The tradeoff is more long-lived on-chain state. The benefit is structural simplicity:
  • Off-chain services can treat wallet → participant_id as stable.
  • Replay protection is simpler because there is no reopened channel to attack.
  • Lifecycle edge cases disappear from client code.

Deployment-scoped replay protection

Every signed message is bound to a specific deployment:
  • A 16-byte message_domain is derived in-program from a fixed Agon tag, the program ID, and the chain ID.
  • Mainnet, devnet, testnet, and localnet each have distinct chain IDs and therefore distinct domains.
  • A message signed for one environment will not verify on another.
This eliminates a whole class of cross-environment and cross-deployment replay mistakes, including most tooling misconfigurations.

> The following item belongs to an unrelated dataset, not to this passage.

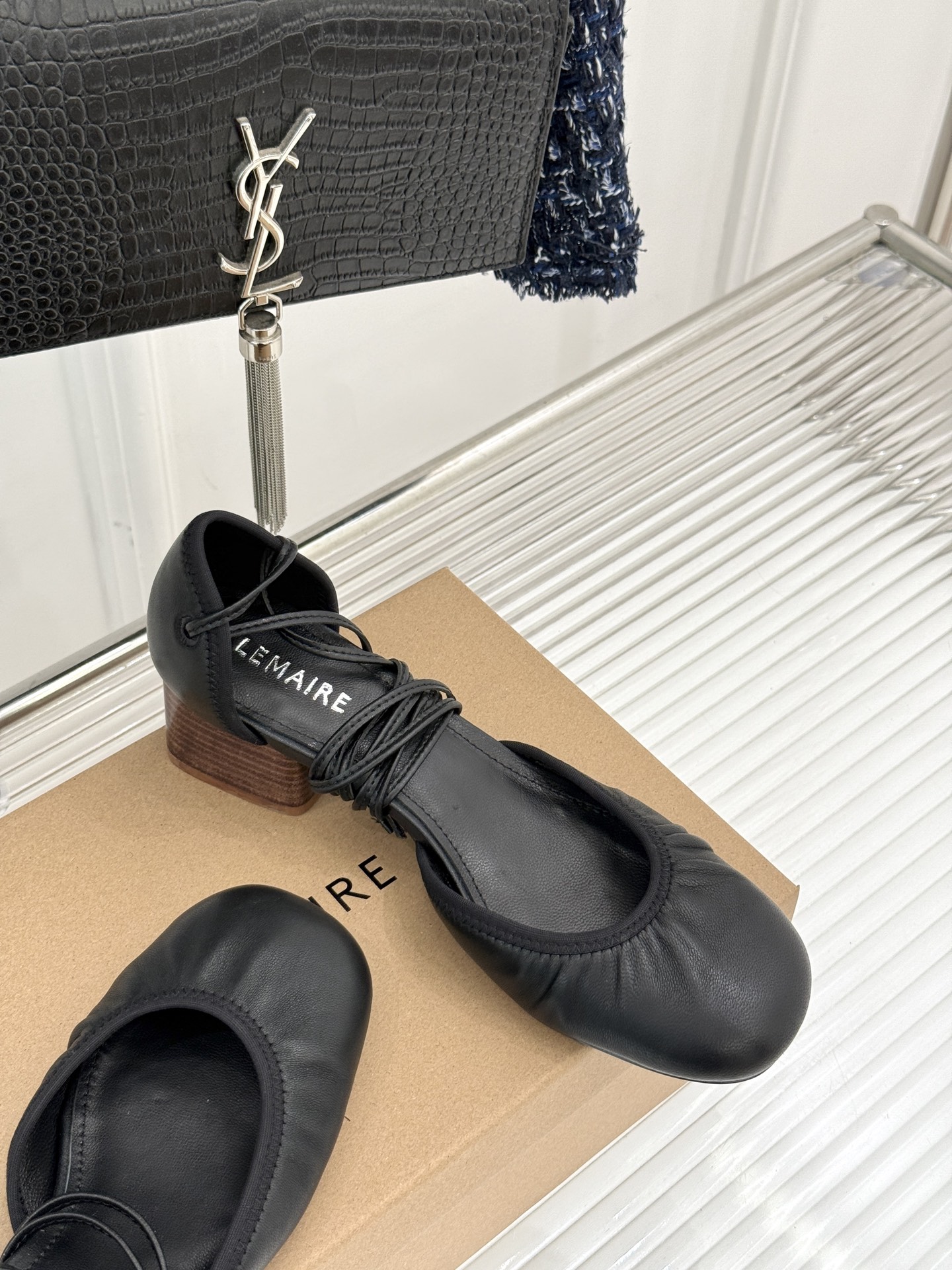 
Lemaire25s新品中空罗马芭蕾舞鞋
它家的鞋子一直都是女人味风格 
这款有点罗马风的鞋也不失优雅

Always-available fallback path

Cooperation is an optimization. Direct settlement is a right. Any valid signed commitment can be settled by its payee directly through settle_individual, without asking any other participant or operator to co-sign. Bundle settlement and cooperative clearing rounds are denser, but they are never the only way to redeem value. This is the property that keeps operator hubs from becoming gatekeepers. A hub can improve UX without becoming a chokepoint.

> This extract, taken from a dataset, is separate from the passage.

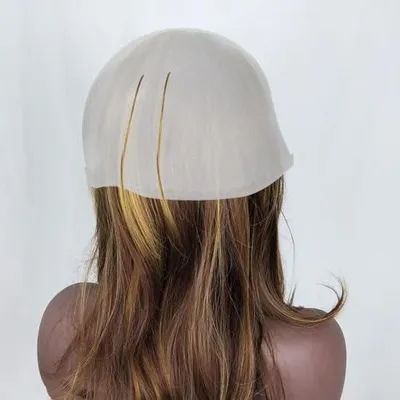Produktbild von Wiederverwendbare Silikon-Haarfärbehaube mit Kreuzöffnungen in Weiß für Strähnchen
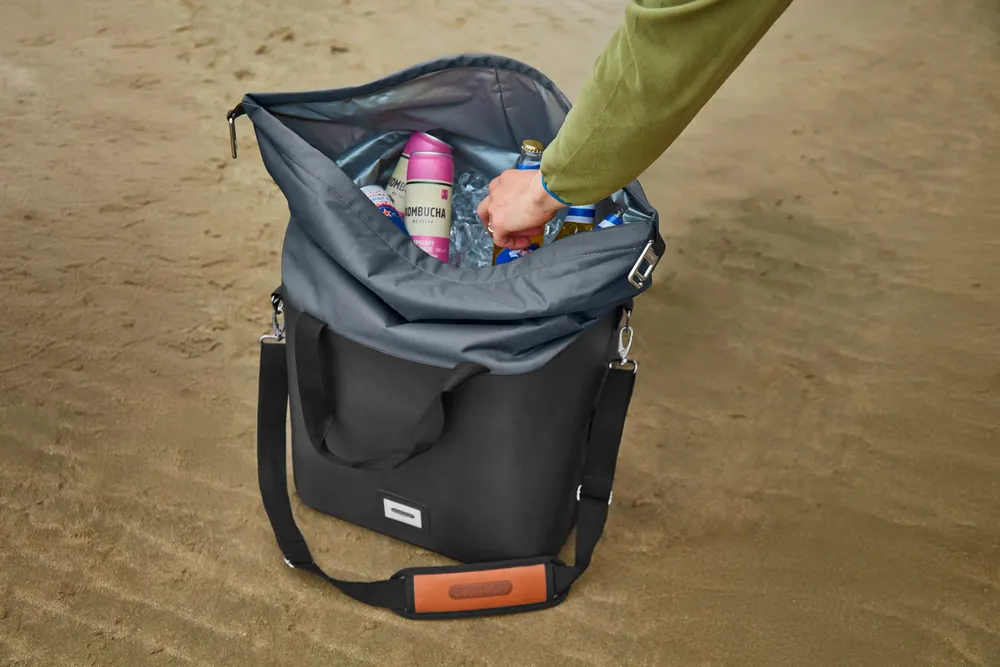 Cuisines de jardin - Glacière Isotherme 25L - Fabriqué avec du PET recyclé - BLACK+BLUM EUROPE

Composable trust models on a shared base

The same protocol must support relationships with very different risk postures:
  • Fully collateralized flows with lane-specific locked funds.
  • Trust-minimized flows with partial lockup or frequent settlement.
  • Credit-based flows where an operator extends balance between settlements.
Agon treats these as policy choices on top of a common settlement base rather than as mutually exclusive architectures. Two integrations that pick opposite points on this spectrum still use the same primitives.

Operators are useful but not controlling

authorized_settler, bundle submission, and operator hubs all make the protocol more practical to operate at scale. None of them are required to keep balances safe.
  • An operator can submit on behalf of a payee, but cannot change the amount, the payer, or the lane identified in the signed message.
  • An operator can propose a clearing round, but every participant must sign the shared round message.
  • An operator can coordinate routing, but balances continue to move only through protocol instructions.
This keeps the operator layer open and competitive. Any team can run a hub on top of the same base layer; users and providers are not bound to one operator just to access settlement.

Small, auditable surface

V4 keeps the on-chain program deliberately compact:
  • Four primary account types: GlobalConfig, TokenRegistry, ParticipantAccount, ChannelState.
  • Two signed message types: agon-cmt-v5 and agon-round-v4.
  • Three settlement instructions: settle_individual, settle_commitment_bundle, settle_clearing_round.
Everything else is either administrative (registration, config, tokens) or lifecycle (deposits, withdrawals, lane locks, signer rotation). A smaller surface is easier to reason about, easier to audit, and easier to integrate correctly.